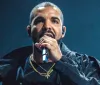 Drake scommette un milione di dollari in Bitcoin sul Super Bowl e perde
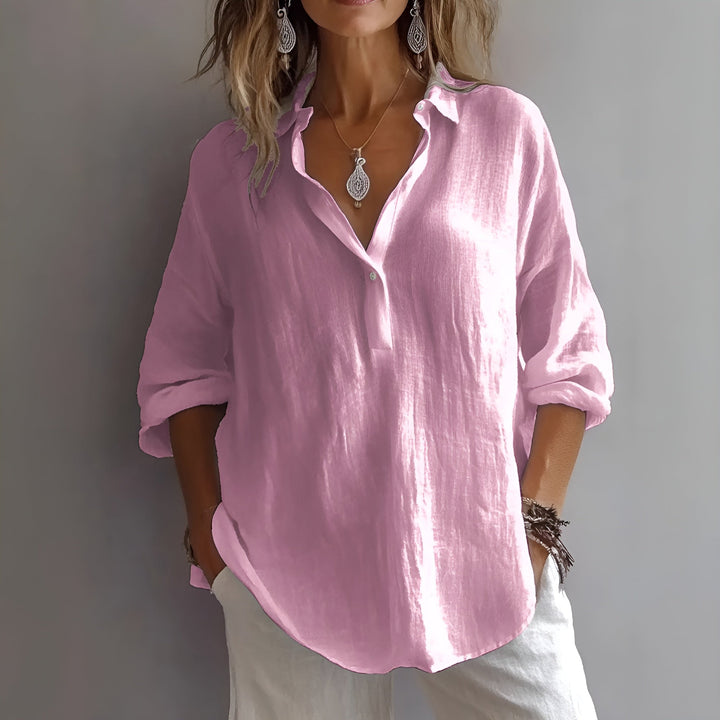 Blusa holgada cómoda para mujer con cuello V y mangas ajustables. Prenda fresca y versátil para el verano y estilo casual.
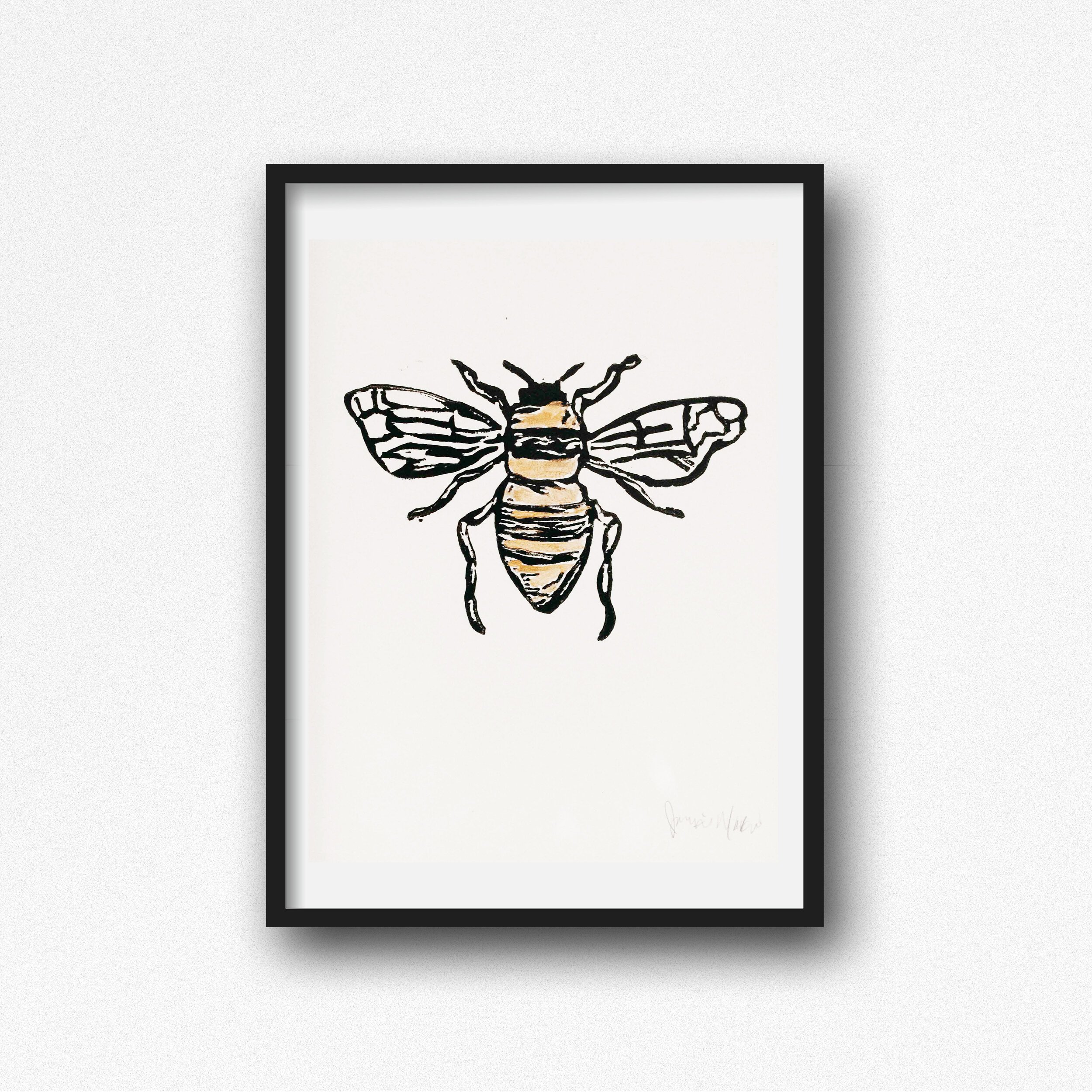 Bee.jpg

*Your instructions:* All of the material above should be output exactly, with the pictures left behind.

*Task answer:*
 Drake scommette un milione di dollari in Bitcoin sul Super Bowl e perde
 Blusa holgada cómoda para mujer con cuello V y mangas ajustables. Prenda fresca y versátil para el verano y estilo casual.
 Bee.jpg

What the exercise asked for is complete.